Today on the book review café I’m hosting the blog tour for S5 Uncovered by James Durose-Rayner, and I have a fascinating guest post from the author. S5 Uncovered certainly sound like an intriguing read especially as it’s based around true events
I know S5 Uncovered is about the lower echelons of the city’s underworld – but in all honesty its city centre is quite a nice vibrant place and without sounding like a poor man’s travel guide here goes…..
My favourite Curry House is on The Wicker.
A story here: In 1994 we were going to a curry house on Attercliffe Road (once/twice a week) called Zeenat’s. It was opposite some industrial tool place and a massage parlour – I know – very ‘salubrious’ surroundings; however, the food was quite decent.
One of the waiters – a certain Mohammed Khalid told us of his friend opening a Curry House on The Wicker called the Gulshan Balti House. Me, my wife and both kids were invited to its opening day. We thought it was a nice gesture; however, the said Mr. Khalid wasn’t all he was cracked up to be and had used his friend opening a restaurant to get our phone number, and whilst I was at work he was making play for my wife – true story and what a wanker. Write what you know.
Nevertheless, whilst Mr. Khalid was frustrating himself by barking up the wrong tree so to speak – Quashi – the owner and I became friends – not great friends, but friends, and whilst introducing us to a variety of Kashmiri dishes I mentioned that I’d had to have a few words with Khalid asnd as that was the case we never saw him again.
Quashi ended up selling his restaurant and moving across the road. He now owns Chamans – possibly the greatest curry house I’ve been in – and I’ve been in a few.
There is a downside to The Wicker. Try not to venture off the main thoroughfare between the city centre and Burngreave as it can be quite a dangerous place.
The busy London Road links the city with the Heeley Bridge area of the city. It is a vibrant area filled with every different kind of eatery. West Street is an upmarket version of London Road and is frequented by students from the city’s university. Again, a really nice place and if you fancy a meal – you are spoiled for choice.
Oughtibridge is a beautiful stone built village in north Sheffield – just five minutes’ drive from the ‘Cross. It is quite hilly and the River Don meanders through its valley. It’s a really nice area – so much so we were once thinking of moving there.
One of the career criminals I based one of my characters on in S5 actually lived there. He’s currently doing 26 years for a murder he didn’t commit. He might have known about it, but he certainly didn’t commit it.
Meadowhall is the Americanised shopping centre and mega mall which you can see from the M1 motorway at Tinsley Viaduct. It’s as good a shopping centre as anywhere in the UK and close-by are other retail outlets such as the one on the A6178 at Carbrook – which is home to Carbrook Hall – supposedly the most haunted pub in Britain.

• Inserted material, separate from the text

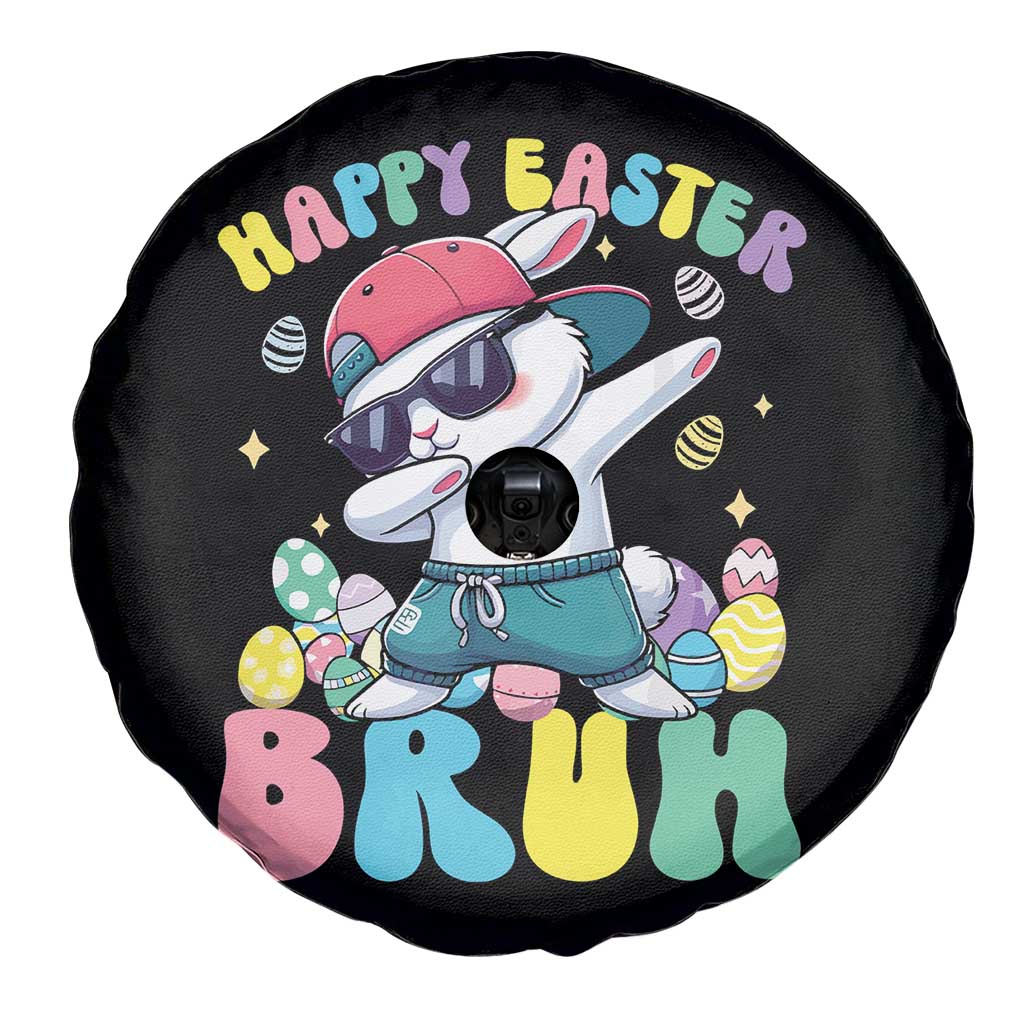 Bruh Easter Spare Tire Cover Funny Bunny Dab Rabbit Dance TS10 Print Your Wear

Wortley Hall. The stately home for the working class just off the A616 Stocksbridge bypass. It is a lovely building standing in its own grounds, where I ‘sort of’ lived during something unpleasant happening in our lives. Again, you write what you know and draw from your own experiences.
About the author
James Durose-Rayner has over twenty years’ experience in journalism. He is a member of the Writer’s Guild and the editor of NATM, the UK’s leading specialist civil engineering journal. His writing has been featured in over 210 magazines and his debut indie-novel, S63: Made in Thurnscoe, published in 2001, received positive reviews. In 2015, I Am Sam (Clink Street Publishing) and itv Seven (New Generation Publishing) followed to more affirmative acclaim. Durose-Rayner currently divides his time between the UK and Cyprus.
Links to the author
Based around a series of true events. The BBC’s current affairs programme ‘Panorama’ undertook a sixty minute documentary / exposé surrounding an elite government task force that went undercover in Sheffield over a period of twelve months. Their remit was to use the Proceeds of Crime Act to fill up the police federations coffers using illegally gained intelligence, on one hand overlooking – and in some cases encouraging – major criminal activity such as murder, kidnap and torture; whilst on the other, surreptitiously acquiring pre-bargained guilty pleas from defendants then reneging on deals, which culminated in some of the heaviest sentences ever handed out in the UK. But the programme was never aired.